It seems to me there is a range of likely leak rates it can't deal with because they would match regular use (eg - lawn water is high use, long duration).
So I guess it is important to be aware of what level of protection you are getting for the price.
TBillT wrote: ↑
Thu Oct 24, 2019 3:15 pm
Not a bad idea pending more research.
We had a crazy thing happen last summer, when we went on vacation, I manually turned the house water off.
For some reason this caused a flood in my kitchen, apparently there is a valve in dishwashers which requires pressure to keep it closed. In the lack of water pressure there can be slow leak into the dishwasher....where the water is came from , I do not know. Backflow from 2nd floor or slow leak thru the water main valve. Also a concern might be hot water heater if on when water off. I replaced the damn dishwasher valve for $300 bucks (valve is $15 so $285 labor). But nothing is as simple as it sounds when it comes to water.

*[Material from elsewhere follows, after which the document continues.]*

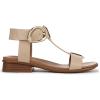 imageNaturalizer Womens Brandy Flat SandalCoastal Tan Leather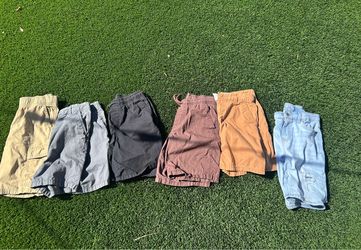 Boys shorts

The guy said the high repair costs was due to extreme insurance they pay for water jobs in case there is a leak.
Electric valves usually use a small solenoid to actuate a very small valve, which then allows the fluid into a piston which actuates the main valve. This is called a pilot-actuated valve. This kind of arrangement is common not just in household appliances, but even in industrial machinery.
If pressure is lost, it should stay in or return to its neutral position, but I suppose as pressure declines, it will at some point transition through a semi-open position. If it stays there long enough, you could get a lot of water pass through the valve. In typical 3/4" pipe, roughly 40 feet of pipe holds 1 gallon of water.
Water would indeed drain into the dishwasher from the second floor pipes. One way to prevent this is after shutting off the water, open a low-elevation faucet in the house. This is also a normal recommendation when shutting off water for freezing concerns.
I'm not positive, but I would have thought dishwasher ejector pumps should be controlled by a float switch and operate even if there is no cycle running, in part to protect against this scenario. However, if the power was off, that would not happen.